The Mexican stand-off rocking German politics is, on the surface, a delayed aftershock of Germany’s 2015-2016 refugee crisis in which Merkel’s Bavarian allies grudgingly backed her liberal approach. In reality, though, this is a bare-knuckle fight for power.
The fight was started by Merkel’s panicked Bavarian allies, the Christian Social Union (CSU). Three months before a state election, they latched on to tougher migration policy as their best hope to beat back the far-right Alternative für Deutschland (AfD). Polls see the AfD impeding another CSU absolute majority in the Munich state parliament.
But the CSU determination to retain power in Bavaria, where it has ruled almost continuously since the war, has endangered another postwar certainty: the CSU’s 69-year political alliance with Merkel’s Christian Democratic Union (CDU).
Their joint parliamentary party in the Bundestag, so ubiquitous it is referred to as “the union”, has been a stabilising anchor in postwar German politics.
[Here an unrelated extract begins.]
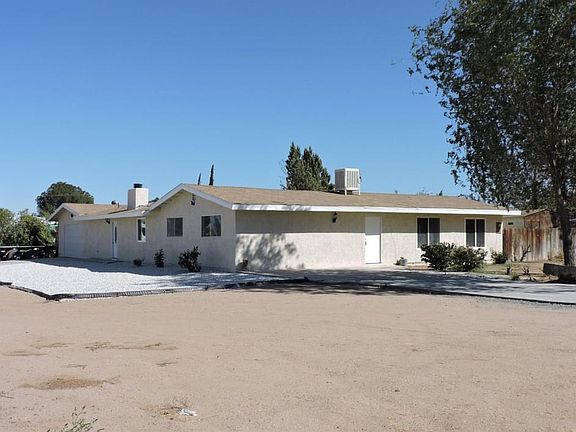4th image of 10813 Redwood Ave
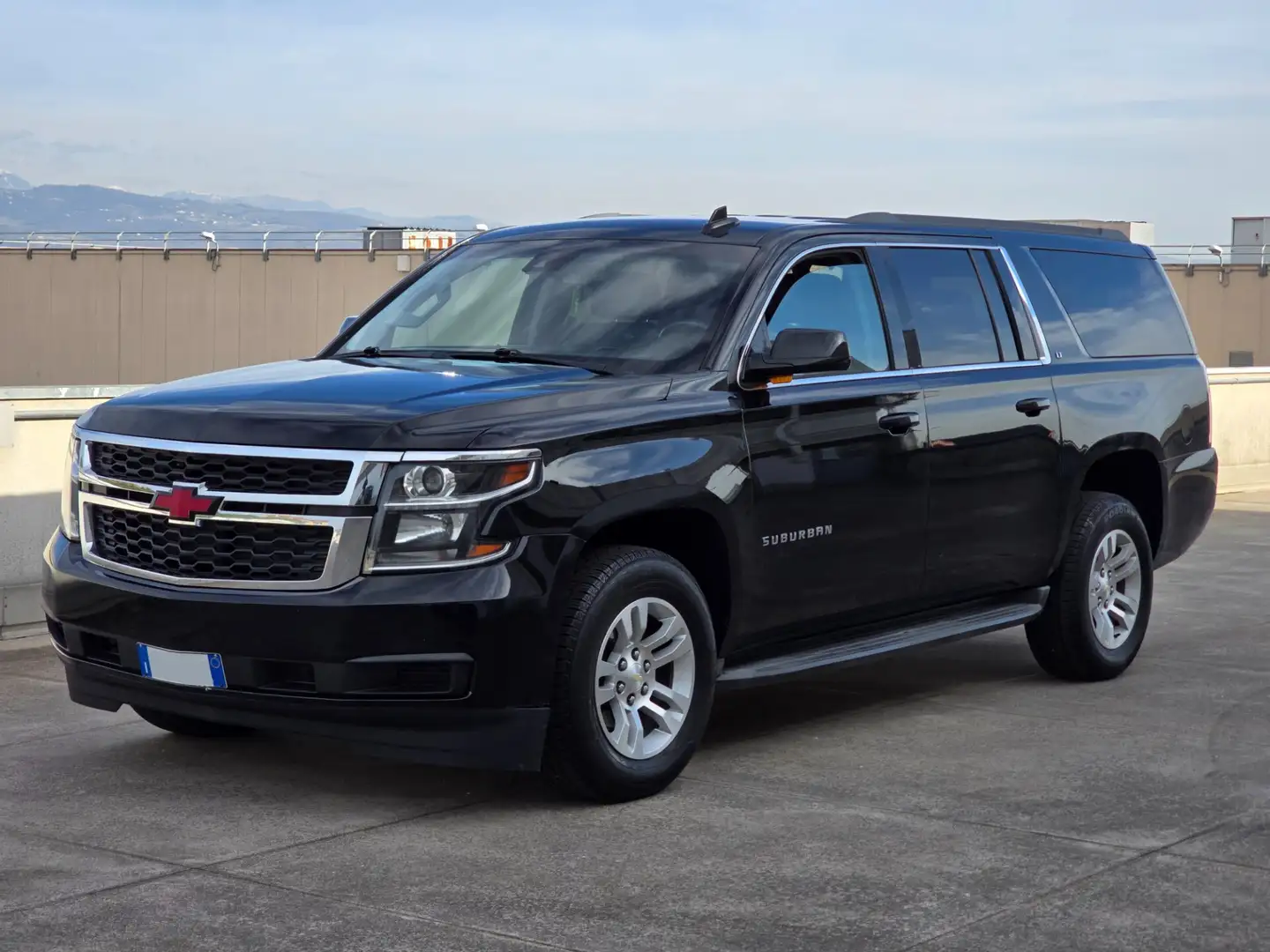 Chevrolet Suburban Lt Premiere Negru - 1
But now that anchor has come loose and Merkel was at the tiller when it happened.
Far-right rising
The CSU blames the Merkel refugee strategy for opening a gap on the hard right of Germany’s political spectrum, a gap the AfD, then a fading bailout party, promptly filled and expanded.
AfD leader Alexander Gauland calls Merkel his party’s “life insurance” and, at the weekend, joked that the CDU/CSU drama reminded him of the dying days of East Germany.
For Merkel, raised in the vanished east, it was an outrageous comparison, compouned by the humiliation of being asked to respond on television.
“I don’t want to comment on that,” she said with a pained expression, insisting she didn’t “view the [AfD] as dangerous”.
Markus Söder is of another view. Bavaria’s CSU state premier is convinced that, to beat the AfD, he has to join them – with “asylum tourism” jibes and Merkel-must-go pot shots.
Even if the refugee row is resolved, and the CDU/CSU alliance patched up, Söder is playing a long game. Alongside CDU conservatives, weary of the Merkel era, he wants to rewire Germany in which the “era of orderly multilateralism is replaced by individual countries making decisions”.
Bavaria first today, Germany first tomorrow: this is a radical break with a postwar tradition in which German and European interests were defined by the late Helmut Kohl as “two sides of the same coin”.
CSU leader and federal interior minister Horst Seehofer is trapped between his two most bitter rivals: the Söder irresistible force and the immovable Merkel object. His on-off resignation offer is the last gasp of an exhausted political figure.